- DATASET SECTION -
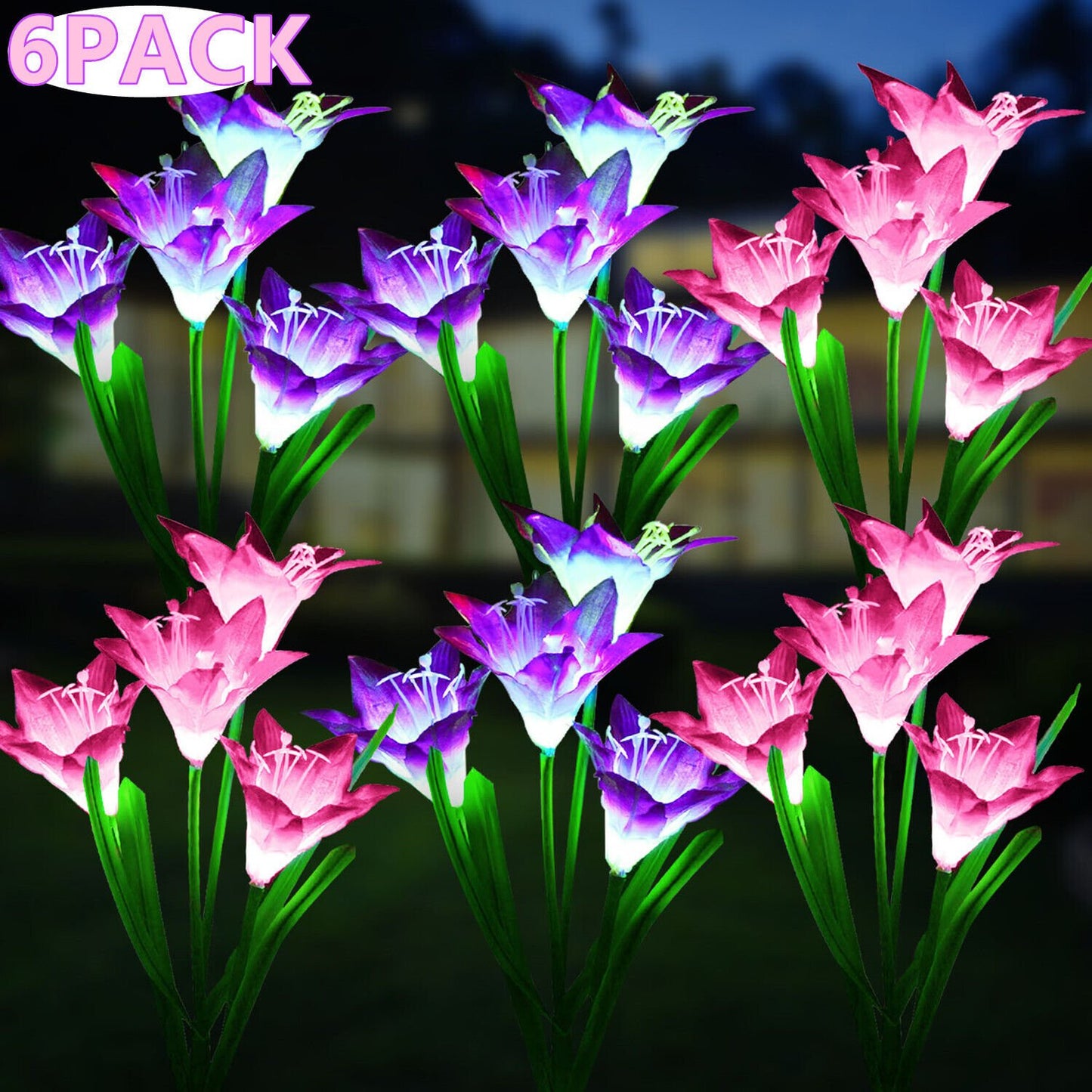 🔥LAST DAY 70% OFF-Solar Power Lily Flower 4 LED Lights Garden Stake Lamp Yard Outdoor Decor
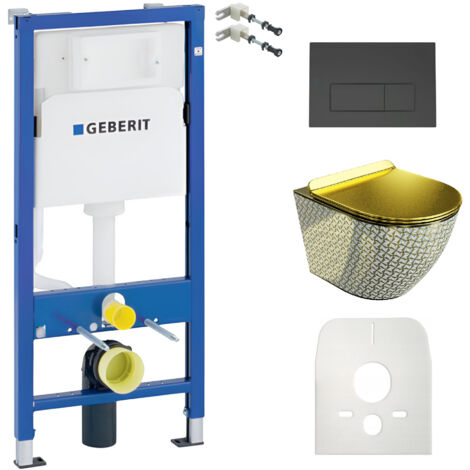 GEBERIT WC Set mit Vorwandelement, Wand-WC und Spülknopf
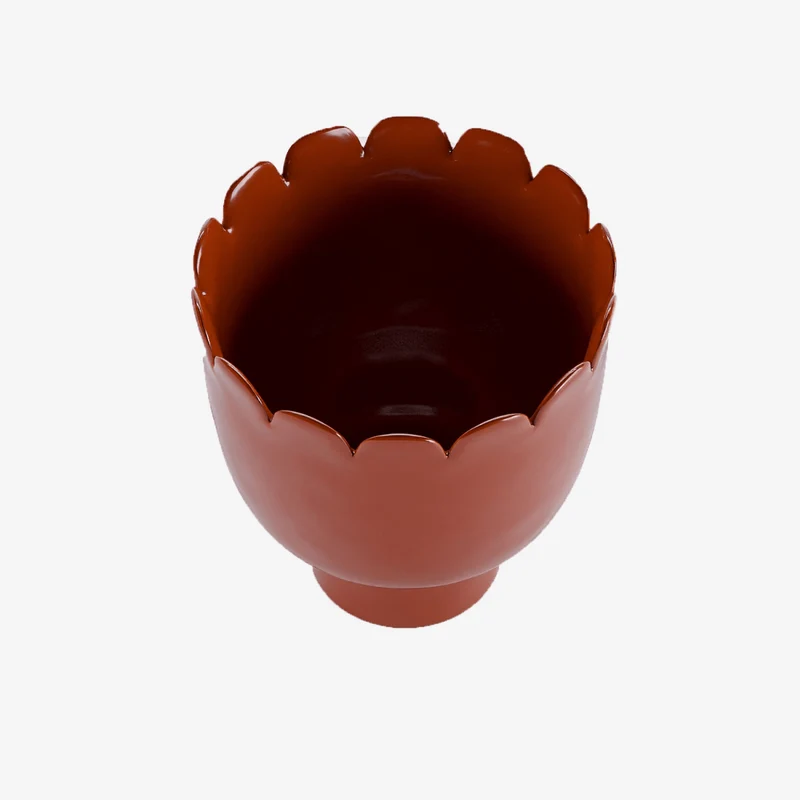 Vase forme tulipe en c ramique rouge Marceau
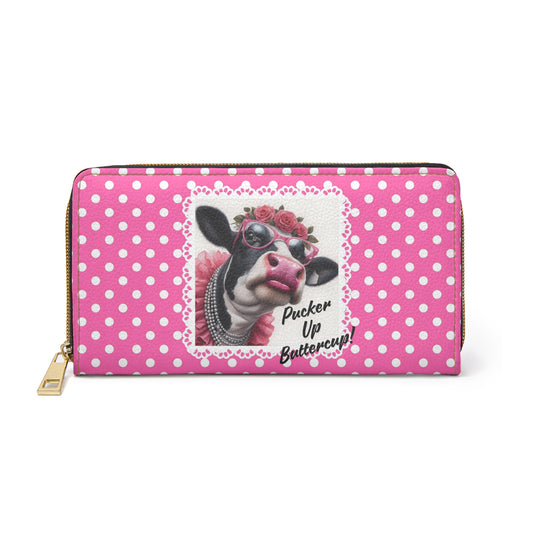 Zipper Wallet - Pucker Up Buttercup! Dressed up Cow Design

- WHAT YOU SHOULD DO -
Leave every picture out and copy precisely the lines from the one containing "GEBERIT WC Set" through the last line of the data above, both ends included.

- OUTPUT OF THE EXERCISE -
 GEBERIT WC Set mit Vorwandelement, Wand-WC und Spülknopf
 Vase forme tulipe en c ramique rouge Marceau
 Zipper Wallet - Pucker Up Buttercup! Dressed up Cow Design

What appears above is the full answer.